Infecting an individual user can bring a double payday, Arsene says.  The attacker can extort the individual user, and also use his or her infected computer to gain administrative access to the victim’s company network. From there, ransomware can be spread across corporate systems.

Implanting ransomware on a web server also has multiple payoffs, Arsene adds. The attack can activate driveby downloads and malvertisments to spread ransomware to visitors. Or he can directly encrypt anything of value within reach: web pages, documents, images, scripts etc. In such attacks, a message follows announcing the infection and giving instructions on how to purchase a decryption key to restore normal functionality.

Techniques such as automatically rolling command functions from one server to the next, on a rotating basis, help attackers stay one step ahead of search engine and antivirus crawlers on the hunt for malicious traffic, Arsene says.

Seven best practices

Due to its high potential to massively disrupt core business operations, ransomware clearly should be considered a major security concern by information security professionals.

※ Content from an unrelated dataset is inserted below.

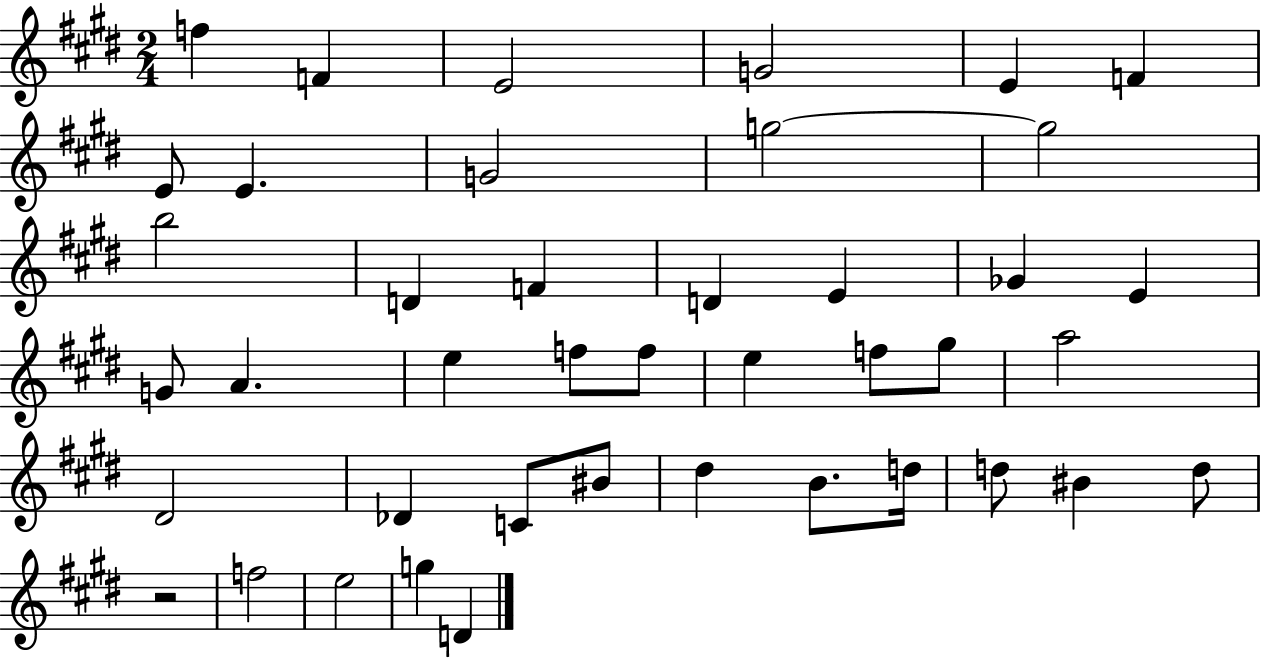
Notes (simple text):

F5/q F4/q E4/h G4/h E4/q F4/q E4/e E4/q. G4/h G5/h G5/h B5/h D4/q F4/q D4/q E4/q Gb4/q E4/q G4/e A4/q. E5/q F5/e F5/e E5/q F5/e G#5/e A5/h D#4/h Db4/q C4/e BIS4/e D#5/q B4/e. D5/s D5/e BIS4/q D5/e R/h F5/h E5/h G5/q D4/q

With ransomware attacks against businesses on a rising curve, CIOs, CSOs, and IT department heads need to fully familiarize themselves with the dynamic risks associated with this type of infection, and prepare their organizations accordingly.

Here are seven best practice approaches companies can, and should, take to reduce exposure to a crippling ransomware attack:

Endpoint security software is a must for any organization, regardless of size or activity. Anti-malware suites today are designed to thwart a wide array of attacks; the better ones can also prevent users from browsing on malware-disseminating websites or executing suspicious files. Do your homework and make sure you’re using a robust endpoint security solution that truly fits your organization’s needs.

  •  Educating employees is another top priority. Ransomware infections usually involve a form of social engineering. BitDefender’s Arsene notes that employees working in accounting, on M&A transactions or at reception desks are usually more prone to open malicious attachments as they’re constantly working with remote employees, clients, partners and third-party suppliers.
  • Maintaining a consistent regiment for implementing software patching and updates can be an operational pain. Patches are notorious for breaking other applications. But they are vital, nonetheless. There is a vibrant community of white hat and black hat hackers continually discovering fresh vulnerabilities in the software the enables digital commerce. Cyber criminals pay close attention. So should you. Mission critical systems and applications should be updated with the latest security patches in an orderly, timely manner.
  •  Consider adding email and web browsing security technologies as an extra layer. This is added protection against spearphishing and driveby downloads. A robust email filtering solution can reduce the likelihood of an infected attachment or malicious URL compromising your organization’s network. And web browser security systems can lower the risk of an employee clicking to webpage spring-loaded to infect his or her computer.
  •  Take stock of user privileges and who has access to mapped drives, and set authentication and access policies accordingly. This will make it tougher for an attacker to infect an employee’s PC and then use that as a beachhead to spread malware across the network. The latest ransomware variants, for instance, can encrypt data stored on any mapped drive within the network.
  • Address disaster recovery and put robust backup solutions in place. This could mean the difference between keeping your business alive or shutting it down, in case of a ransomware infection or a major network breach.
  •  Take the time to develop and formally adopt a Cyber Incident Response Plan. A comprehensive CIRP should cover everything, from detecting the threat, containing it, and removing it, to patching the culpable vulnerability. Your plan should also call for fully analyzing the incident so as to prevent it from happening again.